自分はその動乱の中、下っ端として働かされていたグループからの脱走を企てていた。過去の大戦で汚染された土地は多く、生存可能な領域を行き来して物資を売りさばく数多く存在していた。ミグラントと呼ばれる行商人は商品となる貴重な物資を奪い合い、土地の取り合いを始める。つまるところ、シティの内乱以外にも争いの種は幾らでもあったということだ。

 

「おいお前、掃除は終わったのか?」

 

「トラックは終わりました」

 

「ならいいが、ACに触ったらぶっ殺すからな」

 

 大きなトラックの荷台に駐機されているのはこの世界における最強の兵器のひとつ、アーマードコアだ。

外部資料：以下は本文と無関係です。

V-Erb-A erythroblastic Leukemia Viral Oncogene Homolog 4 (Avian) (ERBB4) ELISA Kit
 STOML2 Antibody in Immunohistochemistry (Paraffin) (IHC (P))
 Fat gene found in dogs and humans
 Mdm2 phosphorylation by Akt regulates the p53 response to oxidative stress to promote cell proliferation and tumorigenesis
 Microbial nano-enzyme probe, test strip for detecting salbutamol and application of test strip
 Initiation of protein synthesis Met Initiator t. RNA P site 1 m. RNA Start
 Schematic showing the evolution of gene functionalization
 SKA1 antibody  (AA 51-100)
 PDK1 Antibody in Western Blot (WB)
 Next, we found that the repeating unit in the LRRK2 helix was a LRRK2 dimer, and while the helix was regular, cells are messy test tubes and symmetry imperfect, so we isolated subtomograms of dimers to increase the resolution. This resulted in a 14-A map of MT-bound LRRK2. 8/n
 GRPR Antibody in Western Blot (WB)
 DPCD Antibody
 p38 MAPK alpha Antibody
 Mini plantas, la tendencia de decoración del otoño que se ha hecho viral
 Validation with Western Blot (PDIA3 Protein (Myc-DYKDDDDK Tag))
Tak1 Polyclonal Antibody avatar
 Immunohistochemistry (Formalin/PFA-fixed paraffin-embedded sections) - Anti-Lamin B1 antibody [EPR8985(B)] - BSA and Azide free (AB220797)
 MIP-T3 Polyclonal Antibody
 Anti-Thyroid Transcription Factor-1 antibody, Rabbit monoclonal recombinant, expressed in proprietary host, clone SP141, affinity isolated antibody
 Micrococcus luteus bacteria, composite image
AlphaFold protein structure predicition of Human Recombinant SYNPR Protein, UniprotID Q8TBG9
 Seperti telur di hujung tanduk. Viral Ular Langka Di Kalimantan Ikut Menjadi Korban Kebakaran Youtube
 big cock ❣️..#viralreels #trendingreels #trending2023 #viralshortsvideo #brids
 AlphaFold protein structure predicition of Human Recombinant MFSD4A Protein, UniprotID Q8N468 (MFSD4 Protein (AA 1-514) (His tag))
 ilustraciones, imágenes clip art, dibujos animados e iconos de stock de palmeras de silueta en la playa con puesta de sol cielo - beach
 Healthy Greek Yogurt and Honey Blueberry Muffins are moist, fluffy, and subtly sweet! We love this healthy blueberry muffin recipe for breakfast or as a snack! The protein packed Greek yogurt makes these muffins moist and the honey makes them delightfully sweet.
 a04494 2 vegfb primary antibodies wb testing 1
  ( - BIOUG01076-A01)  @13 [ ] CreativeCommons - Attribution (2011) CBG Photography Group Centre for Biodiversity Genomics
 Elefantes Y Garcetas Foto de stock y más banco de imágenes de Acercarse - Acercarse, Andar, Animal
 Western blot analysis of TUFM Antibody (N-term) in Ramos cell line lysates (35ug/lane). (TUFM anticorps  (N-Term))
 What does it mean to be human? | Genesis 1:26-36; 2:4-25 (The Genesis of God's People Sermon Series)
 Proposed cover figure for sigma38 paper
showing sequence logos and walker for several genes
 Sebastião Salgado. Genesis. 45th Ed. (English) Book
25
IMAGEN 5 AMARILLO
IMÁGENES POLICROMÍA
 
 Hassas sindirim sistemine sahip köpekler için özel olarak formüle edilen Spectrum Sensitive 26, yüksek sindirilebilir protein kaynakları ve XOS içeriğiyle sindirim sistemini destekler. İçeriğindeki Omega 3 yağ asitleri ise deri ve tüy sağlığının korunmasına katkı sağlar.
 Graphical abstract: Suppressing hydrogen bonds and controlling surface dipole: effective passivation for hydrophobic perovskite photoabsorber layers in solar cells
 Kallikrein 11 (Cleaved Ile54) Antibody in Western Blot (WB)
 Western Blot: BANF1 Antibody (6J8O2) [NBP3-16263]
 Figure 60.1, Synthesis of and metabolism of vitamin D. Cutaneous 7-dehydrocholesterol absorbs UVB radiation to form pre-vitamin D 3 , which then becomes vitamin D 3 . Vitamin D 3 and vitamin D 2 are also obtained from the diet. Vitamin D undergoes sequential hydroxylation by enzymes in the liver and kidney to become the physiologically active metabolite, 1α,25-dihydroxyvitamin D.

旧世代の遺物であり、戦争の跡が色濃く残る地域から発掘され使用されている。新たに製造することは未だ叶わず、現代の戦争で多用される兵器であるのにも関わらず供給は完全に運任せの発掘に頼っているという稀有な存在でもある。

 

 人の形をしていながら、その雰囲気は戦車や装甲車といった兵器然としたもので、ヒロイックさよりも無骨さが目立つ。人を戦うために最適化すると、その過程でこうなるのかもしれない、見た時にはそう思った。

 

「…見てろよ」

 

 AC以外の兵器は一般兵器と呼ばれ、それらは大抵ACに太刀打ちできない。つまり一機あればこの組織を潰すことすら出来るのだ。過去に所属していた組織を潰され、生き残った自分を奴隷のようにこき使ってくれた恨みはいつか晴らしてみせる。そのためにもACの操縦方法をどうにかして覚えなければ…

 

「ああ、そこに居たのか」

 

 独り言を聞かれたのかと思い勢いよく振り返ると、そこにはこの組織における唯一のACパイロットが立っていた。なぜ声をかけてきたのだろうかと思案するが、心当たりはない。

 

「お前さん、ACに乗らないか?」

 

「は、えっ?」

 

 こうしてACに乗るための日々が始まった、なぜ自分を選んだのかは聞けていない。何故わざわざ10代の子供をACに乗せるのか、立場の弱い自分が何故抜擢されたのかなど疑問は絶えない。しかし自分にとって願ってもない状況であることは確かであり、教えられることは一言一句覚えきるという気概で挑んだ。

 

「お前の機体はこれだ、オンボロだが動きはする」

 

 新たに発見されたACを最低限修復したものが自分に割り当てられた、ここまでボロボロだと幾らACでも価値は低いだろう。教官役のパイロットは自分のACに乗り、監視しながらこちらへの指導を行ってくる。脱走しようとした時は後ろからズドン、ということだろう。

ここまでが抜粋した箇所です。